Return the run of lines below that opens with the line containing "Foot Sweating 2 Foot Sweating" and closes with the line containing "EPICARDIAL CLIP diagram and image", keeping each one exact.

### Excerpted records:
# # # # # # #

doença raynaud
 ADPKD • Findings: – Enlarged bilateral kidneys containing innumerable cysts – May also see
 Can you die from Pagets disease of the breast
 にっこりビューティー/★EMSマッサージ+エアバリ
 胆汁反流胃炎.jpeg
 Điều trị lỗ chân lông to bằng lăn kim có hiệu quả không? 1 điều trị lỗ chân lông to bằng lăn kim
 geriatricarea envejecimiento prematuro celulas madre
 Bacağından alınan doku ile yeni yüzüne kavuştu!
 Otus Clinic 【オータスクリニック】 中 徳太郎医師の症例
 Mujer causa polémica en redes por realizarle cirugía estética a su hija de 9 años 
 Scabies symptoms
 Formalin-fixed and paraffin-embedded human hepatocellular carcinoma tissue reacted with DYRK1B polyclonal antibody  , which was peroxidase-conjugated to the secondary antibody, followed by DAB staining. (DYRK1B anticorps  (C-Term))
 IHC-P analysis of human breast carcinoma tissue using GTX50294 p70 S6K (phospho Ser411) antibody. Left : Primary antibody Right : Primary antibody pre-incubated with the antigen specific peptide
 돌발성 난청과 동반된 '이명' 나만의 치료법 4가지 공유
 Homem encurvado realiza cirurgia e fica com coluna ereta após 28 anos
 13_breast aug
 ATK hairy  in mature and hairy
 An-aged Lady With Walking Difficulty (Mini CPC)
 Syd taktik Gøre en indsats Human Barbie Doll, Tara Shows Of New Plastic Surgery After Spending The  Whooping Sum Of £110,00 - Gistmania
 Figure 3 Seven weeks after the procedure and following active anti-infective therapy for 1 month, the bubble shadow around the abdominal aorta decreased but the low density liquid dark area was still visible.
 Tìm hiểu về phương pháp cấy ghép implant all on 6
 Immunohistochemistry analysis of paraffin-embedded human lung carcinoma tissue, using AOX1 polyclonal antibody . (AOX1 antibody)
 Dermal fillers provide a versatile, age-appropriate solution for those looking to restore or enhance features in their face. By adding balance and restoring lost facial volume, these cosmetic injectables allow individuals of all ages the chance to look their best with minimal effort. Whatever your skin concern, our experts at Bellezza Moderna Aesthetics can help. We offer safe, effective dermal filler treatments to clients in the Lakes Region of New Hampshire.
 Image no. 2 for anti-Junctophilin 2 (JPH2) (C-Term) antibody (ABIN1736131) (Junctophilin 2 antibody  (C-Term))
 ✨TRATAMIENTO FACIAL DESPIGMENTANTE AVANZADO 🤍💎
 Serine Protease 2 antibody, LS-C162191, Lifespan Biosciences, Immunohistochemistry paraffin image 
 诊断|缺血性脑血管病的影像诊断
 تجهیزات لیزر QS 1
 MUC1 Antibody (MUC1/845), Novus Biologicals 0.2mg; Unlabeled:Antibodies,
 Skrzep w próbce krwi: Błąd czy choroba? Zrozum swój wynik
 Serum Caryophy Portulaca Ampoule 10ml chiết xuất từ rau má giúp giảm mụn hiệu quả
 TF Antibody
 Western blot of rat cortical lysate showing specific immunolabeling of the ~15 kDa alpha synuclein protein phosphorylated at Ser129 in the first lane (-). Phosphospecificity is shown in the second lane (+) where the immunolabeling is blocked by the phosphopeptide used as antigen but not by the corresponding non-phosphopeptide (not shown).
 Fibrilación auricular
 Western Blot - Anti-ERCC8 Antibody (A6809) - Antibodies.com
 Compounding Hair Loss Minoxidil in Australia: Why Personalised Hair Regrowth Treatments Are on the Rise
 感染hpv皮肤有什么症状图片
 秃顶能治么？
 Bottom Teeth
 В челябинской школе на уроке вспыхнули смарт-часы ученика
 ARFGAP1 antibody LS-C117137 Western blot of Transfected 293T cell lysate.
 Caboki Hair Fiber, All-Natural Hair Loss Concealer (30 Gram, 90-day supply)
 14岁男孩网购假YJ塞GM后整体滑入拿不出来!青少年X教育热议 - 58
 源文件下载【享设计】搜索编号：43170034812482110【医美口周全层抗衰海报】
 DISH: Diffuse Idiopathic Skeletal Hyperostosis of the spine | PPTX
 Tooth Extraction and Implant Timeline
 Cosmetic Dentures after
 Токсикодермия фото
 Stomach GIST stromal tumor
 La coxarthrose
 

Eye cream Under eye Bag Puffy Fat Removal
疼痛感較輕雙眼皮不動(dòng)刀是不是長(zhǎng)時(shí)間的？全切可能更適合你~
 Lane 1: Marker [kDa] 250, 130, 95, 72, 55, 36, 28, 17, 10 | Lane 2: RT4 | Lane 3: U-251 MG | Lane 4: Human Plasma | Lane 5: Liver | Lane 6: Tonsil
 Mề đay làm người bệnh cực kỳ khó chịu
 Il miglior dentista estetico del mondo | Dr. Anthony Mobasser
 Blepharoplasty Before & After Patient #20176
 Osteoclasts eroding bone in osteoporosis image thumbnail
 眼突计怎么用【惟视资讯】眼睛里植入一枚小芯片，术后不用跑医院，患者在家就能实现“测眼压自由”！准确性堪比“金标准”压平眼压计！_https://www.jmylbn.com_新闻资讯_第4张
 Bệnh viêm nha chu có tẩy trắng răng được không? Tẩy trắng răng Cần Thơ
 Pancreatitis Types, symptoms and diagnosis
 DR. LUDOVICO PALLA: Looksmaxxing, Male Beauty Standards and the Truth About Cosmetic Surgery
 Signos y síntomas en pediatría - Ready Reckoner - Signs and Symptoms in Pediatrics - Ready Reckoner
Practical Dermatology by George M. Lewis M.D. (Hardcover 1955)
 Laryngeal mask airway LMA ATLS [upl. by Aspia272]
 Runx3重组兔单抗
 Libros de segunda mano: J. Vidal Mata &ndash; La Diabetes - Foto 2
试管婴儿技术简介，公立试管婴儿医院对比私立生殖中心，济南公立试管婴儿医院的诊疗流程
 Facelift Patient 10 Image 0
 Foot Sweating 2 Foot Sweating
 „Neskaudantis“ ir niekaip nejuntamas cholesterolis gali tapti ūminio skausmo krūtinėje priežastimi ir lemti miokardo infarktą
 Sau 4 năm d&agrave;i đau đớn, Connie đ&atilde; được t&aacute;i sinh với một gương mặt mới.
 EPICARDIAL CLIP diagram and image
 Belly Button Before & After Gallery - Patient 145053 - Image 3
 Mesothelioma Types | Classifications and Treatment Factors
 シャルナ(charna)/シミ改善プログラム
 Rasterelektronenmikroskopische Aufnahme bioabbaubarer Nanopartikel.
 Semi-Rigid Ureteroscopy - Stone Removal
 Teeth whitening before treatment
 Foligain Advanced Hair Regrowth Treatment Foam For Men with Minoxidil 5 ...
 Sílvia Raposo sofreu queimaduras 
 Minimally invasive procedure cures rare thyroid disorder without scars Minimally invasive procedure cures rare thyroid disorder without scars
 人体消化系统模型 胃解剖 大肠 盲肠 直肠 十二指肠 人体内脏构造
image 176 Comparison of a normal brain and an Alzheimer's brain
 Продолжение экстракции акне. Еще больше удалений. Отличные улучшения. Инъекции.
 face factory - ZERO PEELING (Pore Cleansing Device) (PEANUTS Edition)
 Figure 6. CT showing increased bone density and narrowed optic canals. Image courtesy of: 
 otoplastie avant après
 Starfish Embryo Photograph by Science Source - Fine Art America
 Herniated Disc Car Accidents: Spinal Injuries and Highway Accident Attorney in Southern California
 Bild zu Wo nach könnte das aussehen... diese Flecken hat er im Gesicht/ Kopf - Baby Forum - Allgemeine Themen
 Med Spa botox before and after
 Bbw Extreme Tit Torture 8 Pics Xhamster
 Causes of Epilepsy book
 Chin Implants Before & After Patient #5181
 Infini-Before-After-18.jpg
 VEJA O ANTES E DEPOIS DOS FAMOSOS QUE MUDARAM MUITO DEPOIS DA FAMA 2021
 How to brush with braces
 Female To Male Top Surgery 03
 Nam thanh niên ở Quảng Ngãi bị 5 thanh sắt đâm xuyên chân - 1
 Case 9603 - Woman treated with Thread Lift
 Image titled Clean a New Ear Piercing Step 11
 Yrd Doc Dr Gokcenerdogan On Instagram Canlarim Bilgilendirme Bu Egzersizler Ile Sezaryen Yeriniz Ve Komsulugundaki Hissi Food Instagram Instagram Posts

# # # # # # #

### Answer area:
 Foot Sweating 2 Foot Sweating
 „Neskaudantis“ ir niekaip nejuntamas cholesterolis gali tapti ūminio skausmo krūtinėje priežastimi ir lemti miokardo infarktą
 Sau 4 năm d&agrave;i đau đớn, Connie đ&atilde; được t&aacute;i sinh với một gương mặt mới.
 EPICARDIAL CLIP diagram and image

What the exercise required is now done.